> [Collected data]:
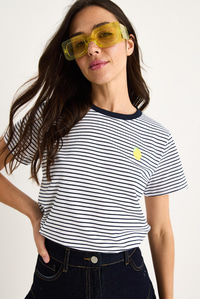Kadın Limon Nakışlı Çizgili Pamuklu Basic T-Shirt 3369 60283387 - Lacivert-Beyaz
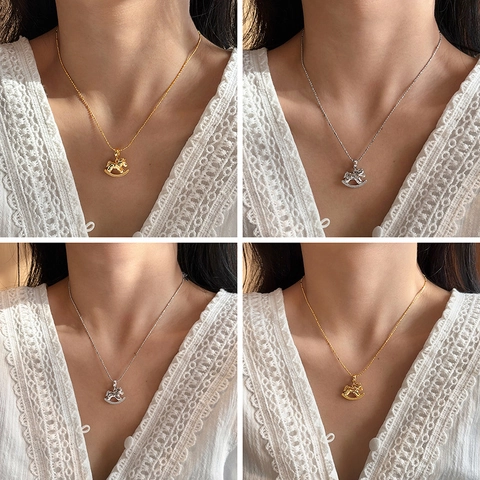 Hobbelpaard Hanger Ketting 18K Verguld Koper Minimalistische Sieraden Elegante Sleutelbeen Ketting Voor Dames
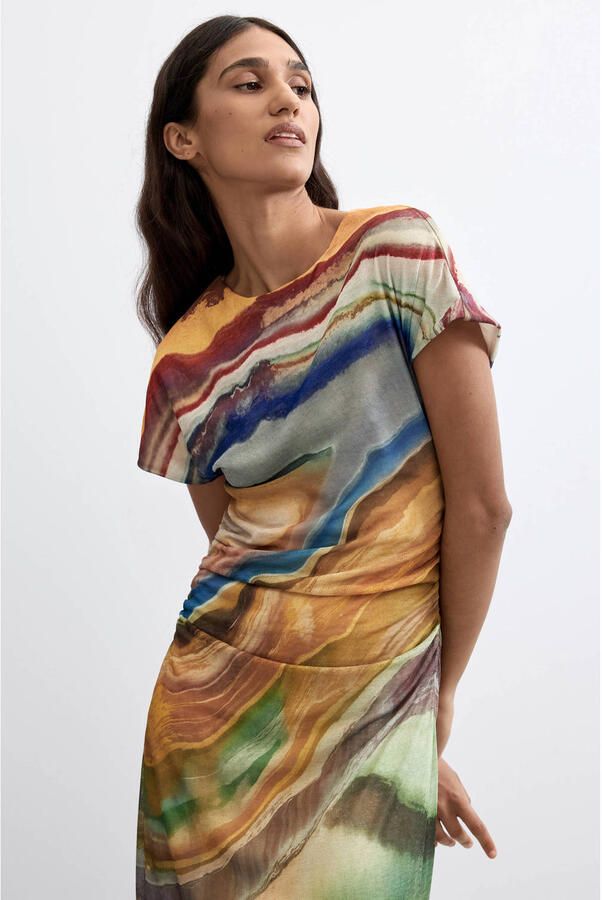 Desigual midi zomerjurk met print meerkleurig - Foto 3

> [The task]:
Please give every line above again word for word, apart from the pictures.

> [Output for this task]:
Kadın Limon Nakışlı Çizgili Pamuklu Basic T-Shirt 3369 60283387 - Lacivert-Beyaz
 Hobbelpaard Hanger Ketting 18K Verguld Koper Minimalistische Sieraden Elegante Sleutelbeen Ketting Voor Dames
 Desigual midi zomerjurk met print meerkleurig - Foto 3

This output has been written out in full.